# TASK:
Pictures must not appear in the copy. Restate exactly the lines below from the one with "Image of Old" through the one with "Μίζα SsangYong Korando", inclusive.

# EXTRACTED ENTRIES:
↓↓↓

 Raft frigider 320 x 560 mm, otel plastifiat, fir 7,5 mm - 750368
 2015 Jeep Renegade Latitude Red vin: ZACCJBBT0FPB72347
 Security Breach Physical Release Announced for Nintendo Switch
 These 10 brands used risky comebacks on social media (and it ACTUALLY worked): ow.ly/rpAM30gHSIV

↑↑↑
↓↓↓

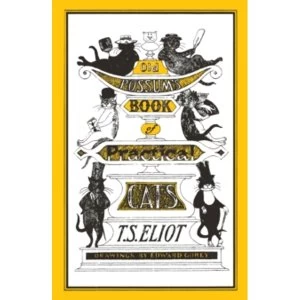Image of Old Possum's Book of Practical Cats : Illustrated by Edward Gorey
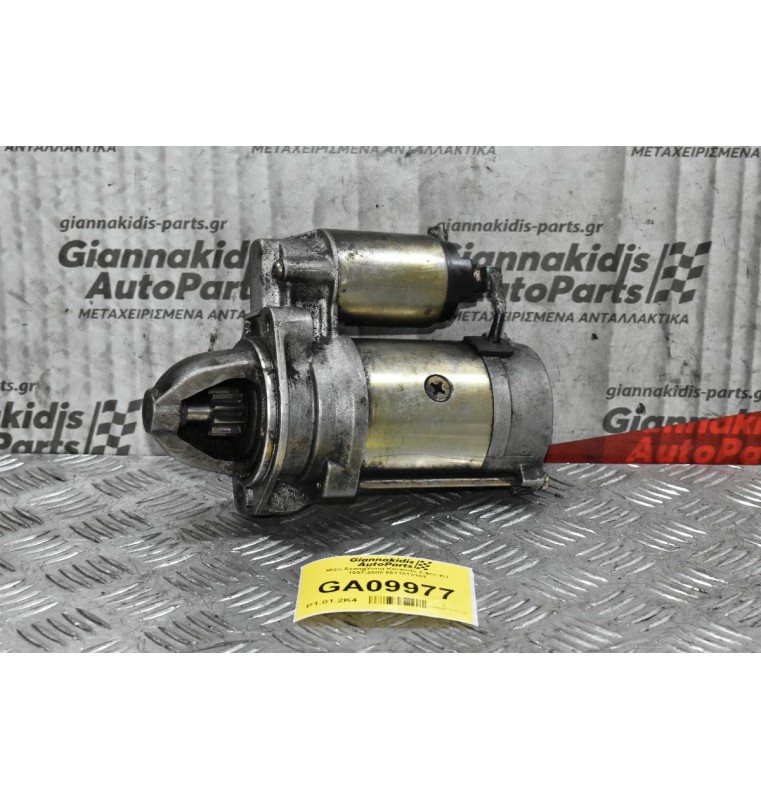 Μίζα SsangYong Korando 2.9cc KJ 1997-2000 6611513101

↑↑↑

# WORKED SOLUTION:
Image of Old Possum's Book of Practical Cats : Illustrated by Edward Gorey
 Μίζα SsangYong Korando 2.9cc KJ 1997-2000 6611513101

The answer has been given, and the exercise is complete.